Troubleshooting¶
This page collects common issues when installing INFTY, writing closures, running optimizers, and generating plots.
ModuleNotFoundError: No module named 'infty'¶
The package is not installed in the active Python environment.
Check the active Python executable:
which python
python -m pip show infty
Install or reinstall:
python -m pip install -e .
ModuleNotFoundError for PILOT/demo dependencies¶
The PILOT demo and some optional workflows require the examples extra. The minimal scripts under examples/infty_minimal/ do not.

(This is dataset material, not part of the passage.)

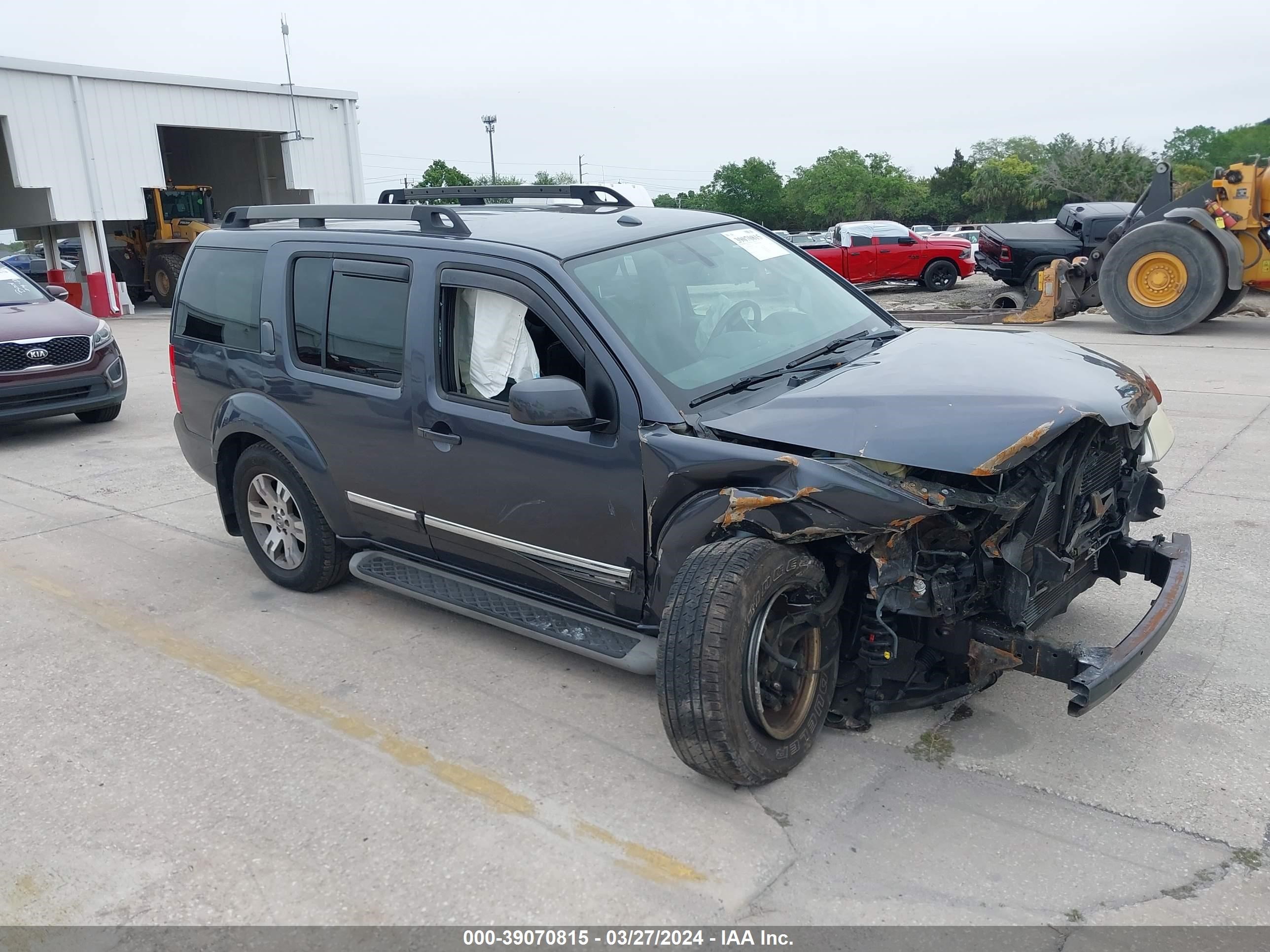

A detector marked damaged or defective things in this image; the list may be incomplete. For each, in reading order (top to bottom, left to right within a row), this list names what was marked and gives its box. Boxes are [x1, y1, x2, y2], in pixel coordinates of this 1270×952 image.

damaged gray suv [171, 188, 1189, 792]
crumpled hood [711, 327, 1158, 477]
missing front bumper [970, 533, 1189, 721]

From a source checkout, run this from the repository root:
python -m pip install ".[examples]"
Optimizer does not update parameters¶
Check that:
- model parameters have
requires_grad=True; - the base optimizer was initialized with the same parameters;
- the closure returns scalar losses;
optimizer.set_closure(loss_fn)is called beforeoptimizer.step();- you are not accidentally calling
base_optimizer.zero_grad()afteroptimizer.step()in a way that hides the update.
Closure returns the wrong format¶
INFTY expects:
return logits, [loss]
not:
return loss
and not:
return logits, loss
For multi-objective optimizers, use:
return logits, [loss_1, loss_2]
UniGrad_FS only supports two losses¶
For task_id > 0, UniGrad_FS requires exactly two losses:
return logits, [old_loss, new_loss]
If you have more than two loss terms, combine them before returning:
old_loss = replay_loss + regularization_loss
new_loss = supervised_loss
return logits, [old_loss, new_loss]
C-Flat or SAM-style optimizer is slow¶
Geometry-aware optimizers may call the closure multiple times per step. This is expected because they evaluate perturbed model states.
Mitigations:
- reduce batch size;
- use mixed precision where safe;
- use smaller models for debugging;
- start with fewer epochs;
- profile closure runtime.
CUDA out of memory¶
Common causes:
- large model and large batch;
- optimizer calls closure multiple times;
- visualization computes Hessian-related quantities;
- graph retained by multi-objective gradient computation.
Mitigations:
base_optimizer.zero_grad(set_to_none=True)
and reduce:
- batch size;
- visualization
samples; - trajectory
grid_size; - number of zeroth-order queries
q.
BatchNorm behaves unexpectedly¶
Some geometry-aware optimizers temporarily disable or enable running statistics during perturbation passes. If results look unstable:
- verify model train/eval mode;
- use sufficiently large batches for BatchNorm;
- consider freezing BatchNorm statistics in continual-learning stages;
- compare with a base optimizer baseline.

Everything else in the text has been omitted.